I've been using Mint 12 for a couple of weeks now.
It was exciting to install as I'd read a lot about how good it was, even if a lot of the news articles and "reviews" had started to sound a bit forced and repetitive. The general theme of these was "The Mint team have done it again" and "Mint 12 branches into new territory while retaining that polished Mint feel".
I don't agree with this. Mint 12, on first impression, doesn't feel polished at all.
I installed it fresh, having backed up my old home partition rather than migrate it or upgrade from Mint 11 (I'm always wary of upgrading like that). First impressions weren't great. The Mint menu was there, and all the Mint extensions to make Gnome 3 look and function like Gnome 2. But it all felt clunky. The menu looked bad and felt slightly unresponsive. It was freezing regularly. The interface was vaguely confusing. It wasn't Minty at all.
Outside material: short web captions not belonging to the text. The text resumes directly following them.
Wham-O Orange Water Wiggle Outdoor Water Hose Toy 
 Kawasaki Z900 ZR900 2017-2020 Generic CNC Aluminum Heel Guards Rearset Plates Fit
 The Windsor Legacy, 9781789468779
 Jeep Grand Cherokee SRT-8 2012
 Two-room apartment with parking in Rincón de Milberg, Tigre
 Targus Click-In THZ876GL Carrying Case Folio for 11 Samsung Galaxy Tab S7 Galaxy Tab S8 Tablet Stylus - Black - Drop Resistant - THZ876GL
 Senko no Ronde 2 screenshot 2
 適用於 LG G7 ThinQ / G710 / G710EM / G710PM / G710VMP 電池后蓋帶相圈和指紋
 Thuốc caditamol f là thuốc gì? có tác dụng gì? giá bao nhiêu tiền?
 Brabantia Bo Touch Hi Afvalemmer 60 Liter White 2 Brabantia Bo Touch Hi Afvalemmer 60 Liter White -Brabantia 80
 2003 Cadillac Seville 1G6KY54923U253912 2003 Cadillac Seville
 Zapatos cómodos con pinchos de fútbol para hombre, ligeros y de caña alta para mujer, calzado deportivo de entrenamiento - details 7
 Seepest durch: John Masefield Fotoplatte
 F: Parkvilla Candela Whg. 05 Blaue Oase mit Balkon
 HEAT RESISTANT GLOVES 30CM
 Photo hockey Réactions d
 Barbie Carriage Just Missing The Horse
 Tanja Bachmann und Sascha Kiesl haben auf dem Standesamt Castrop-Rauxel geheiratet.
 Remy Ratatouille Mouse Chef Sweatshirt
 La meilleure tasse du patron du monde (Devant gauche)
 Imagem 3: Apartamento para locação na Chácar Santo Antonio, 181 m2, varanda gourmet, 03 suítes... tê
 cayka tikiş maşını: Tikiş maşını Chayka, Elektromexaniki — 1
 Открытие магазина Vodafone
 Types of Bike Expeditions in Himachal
I remember how Mint 11 felt when I first installed it. It was familiar, but felt rock-solid and so fresh, and the ease of use and functionality were invigorating. Mint 12 felt more like when I installed Looking Glass in like 2007 as a bored teenager.
Turning off all the Mint extensions (admittedly due to frustration) gave me a supposedly vanilla Gnome 3 experience. I tried Gnome 3 on Fedora a few months ago and was horrified by how unfinished it looked. With Mint, Gnome 3 is quite nice. The swipe to the top left corner to switch applications feels really natural and quick. There are still some niggling annoyances resulting from the transition from Gnome 2.x. Most of these have to do with notifications. Xchat bubbles, for example, pile up at the bottom of the screen until you acknowledge them. Most of these problems can be worked around and will surely be fixed soon.
Overall Mint 12 has proven to be a bit disappointing. I think it should have been delayed a bit to make it more polished and stable, instead of what seems like a rushed release to ride the wave of hype generated by Unity deserters. Time will soon tell if it can be improved and match up to it's predecessors.
I've started thinking about installing Arch on my desktop. Feels very daunting. Doing some reading.